## EXERCISE DETAILS
Copy the data that follows exactly as it is, excluding all pictures.

──────── SUPPLIED INFORMATION ────────

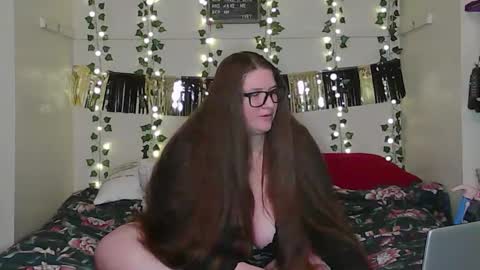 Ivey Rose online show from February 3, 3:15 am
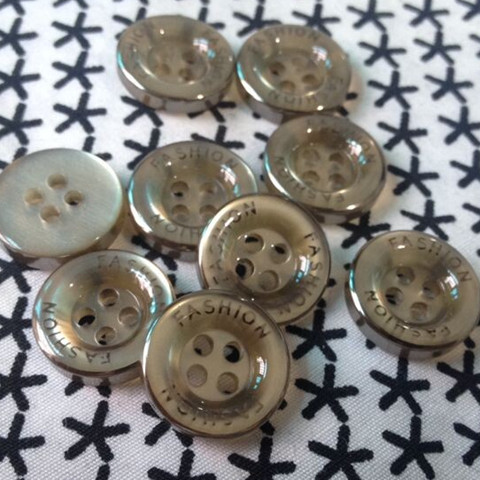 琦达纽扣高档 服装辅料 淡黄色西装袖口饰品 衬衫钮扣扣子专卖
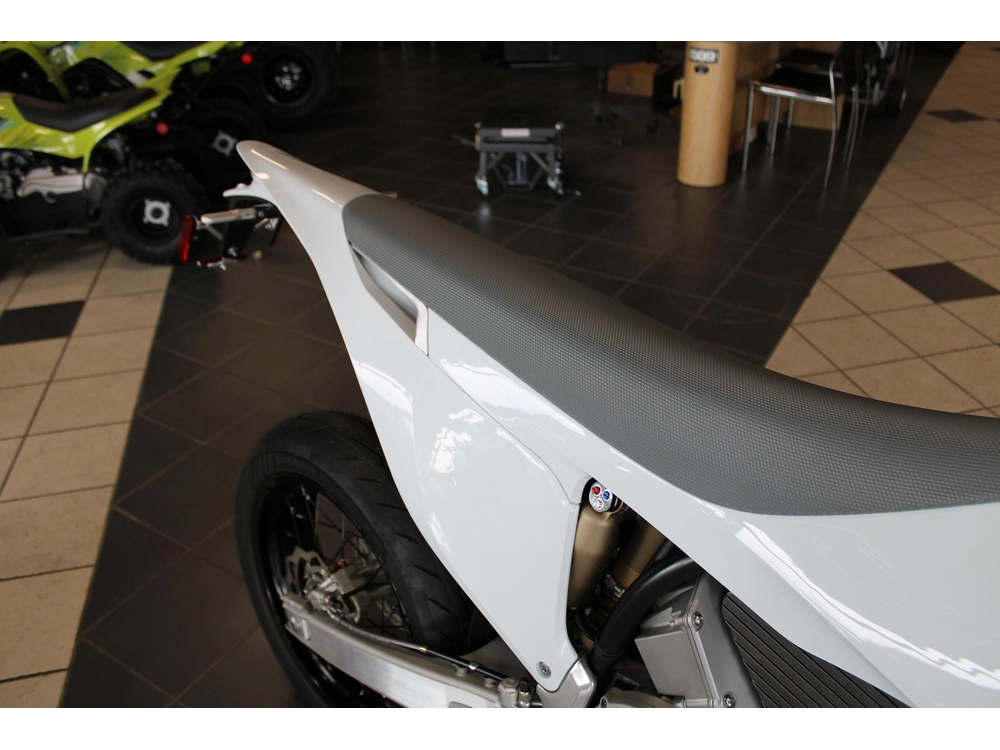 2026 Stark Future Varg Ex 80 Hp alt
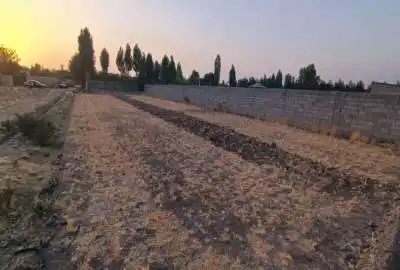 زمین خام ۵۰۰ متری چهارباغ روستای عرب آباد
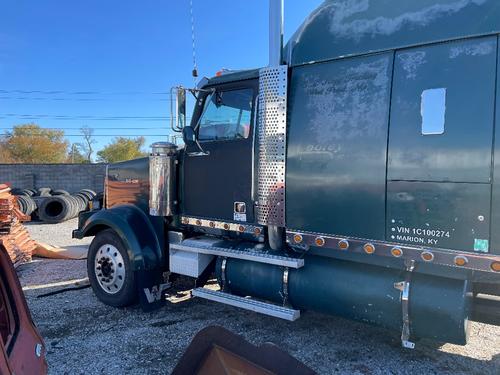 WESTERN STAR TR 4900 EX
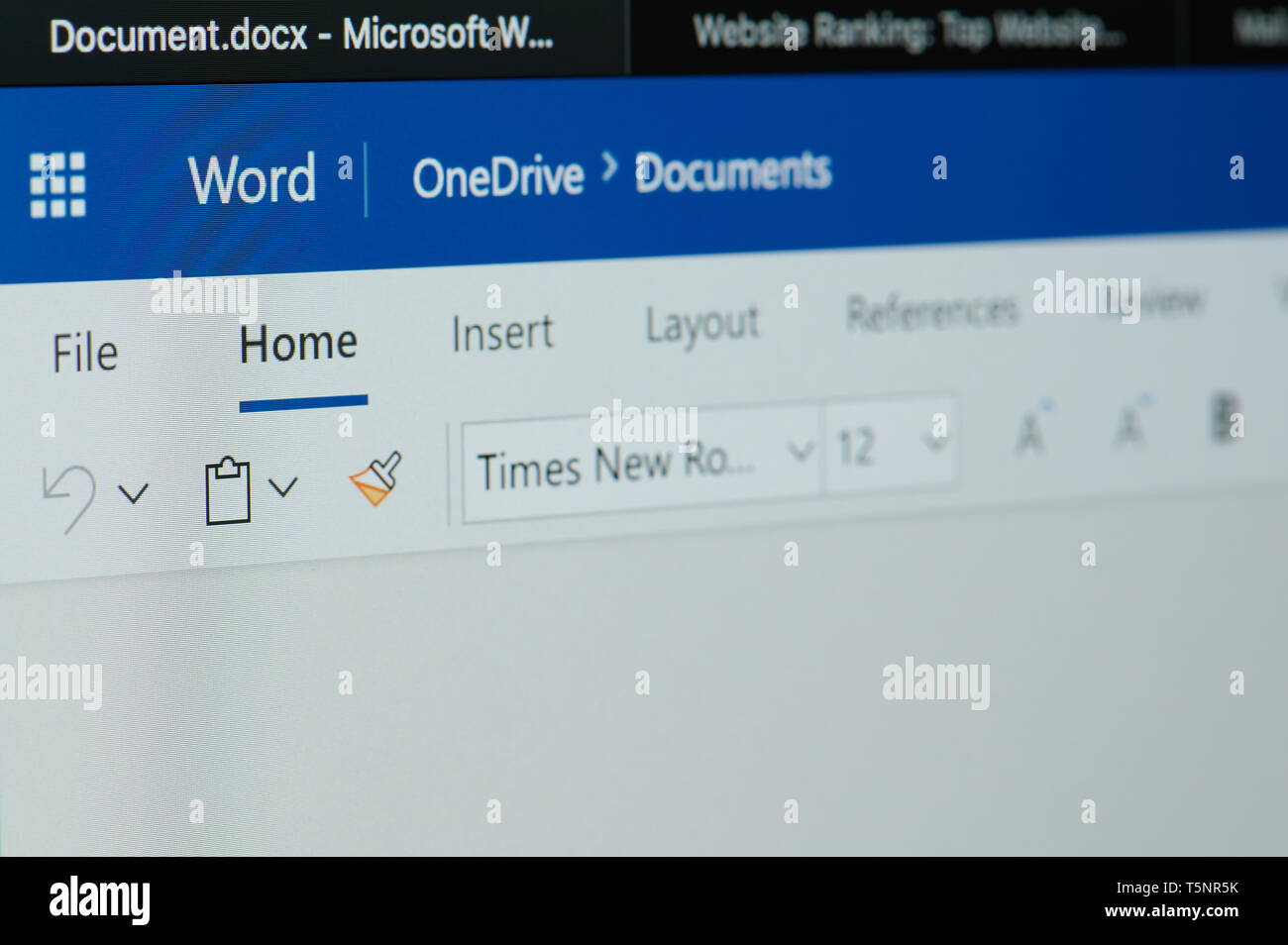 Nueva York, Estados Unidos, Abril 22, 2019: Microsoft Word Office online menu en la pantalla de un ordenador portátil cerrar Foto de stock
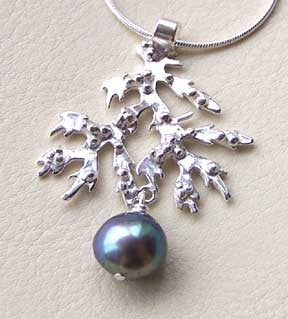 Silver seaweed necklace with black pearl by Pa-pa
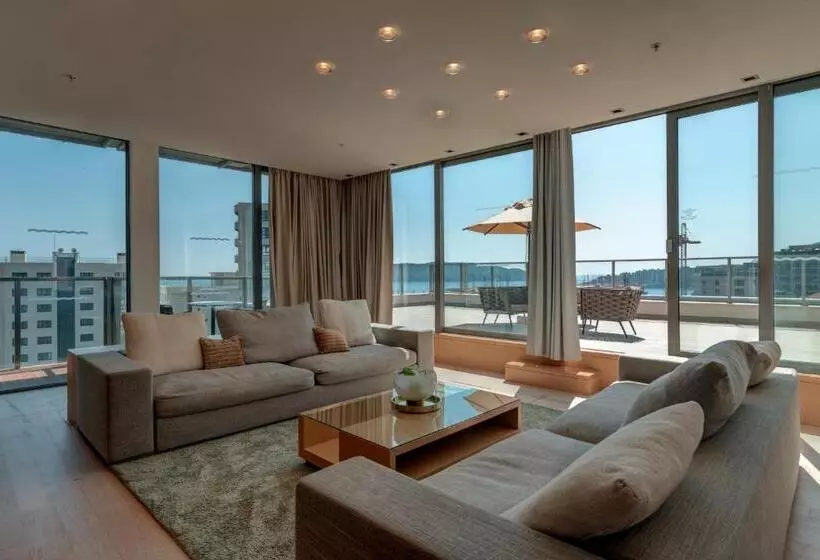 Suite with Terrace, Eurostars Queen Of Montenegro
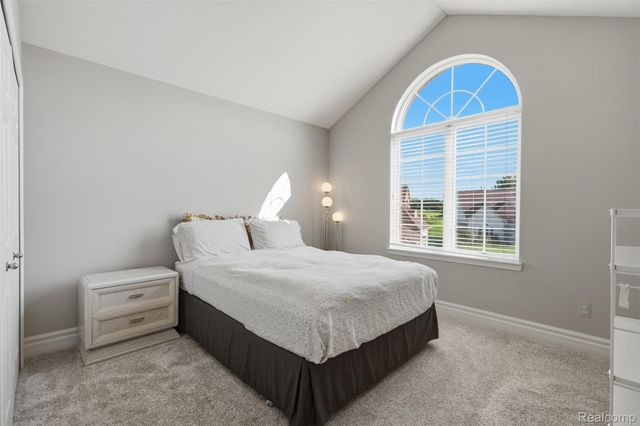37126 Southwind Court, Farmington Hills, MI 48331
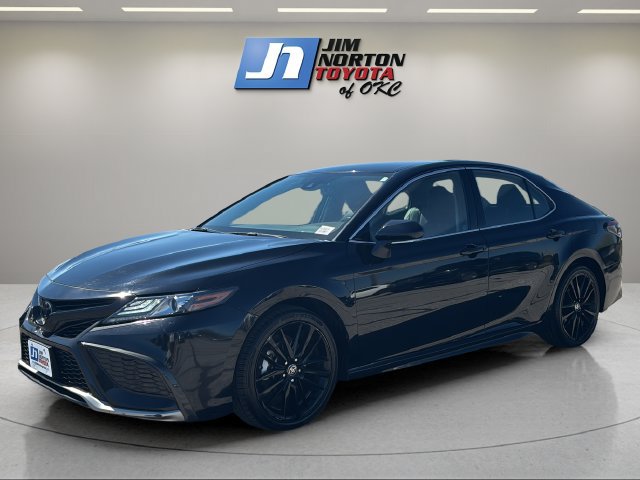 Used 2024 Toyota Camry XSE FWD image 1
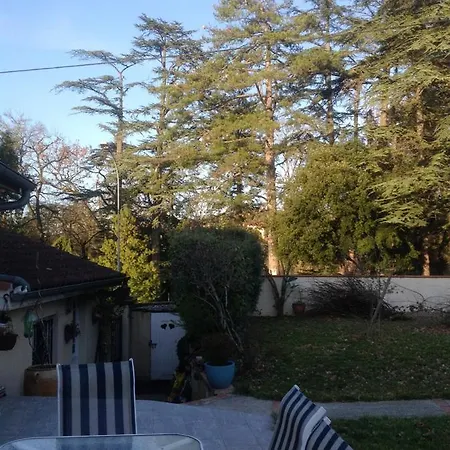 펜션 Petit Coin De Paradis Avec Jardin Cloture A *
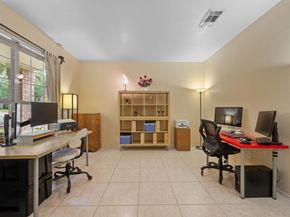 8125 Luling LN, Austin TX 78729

────────

## YOUR SOLUTION
 Ivey Rose online show from February 3, 3:15 am
 琦达纽扣高档 服装辅料 淡黄色西装袖口饰品 衬衫钮扣扣子专卖
 2026 Stark Future Varg Ex 80 Hp alt
 زمین خام ۵۰۰ متری چهارباغ روستای عرب آباد
 WESTERN STAR TR 4900 EX
 Nueva York, Estados Unidos, Abril 22, 2019: Microsoft Word Office online menu en la pantalla de un ordenador portátil cerrar Foto de stock
 Silver seaweed necklace with black pearl by Pa-pa
 Suite with Terrace, Eurostars Queen Of Montenegro
37126 Southwind Court, Farmington Hills, MI 48331
 Used 2024 Toyota Camry XSE FWD image 1
 펜션 Petit Coin De Paradis Avec Jardin Cloture A *
 8125 Luling LN, Austin TX 78729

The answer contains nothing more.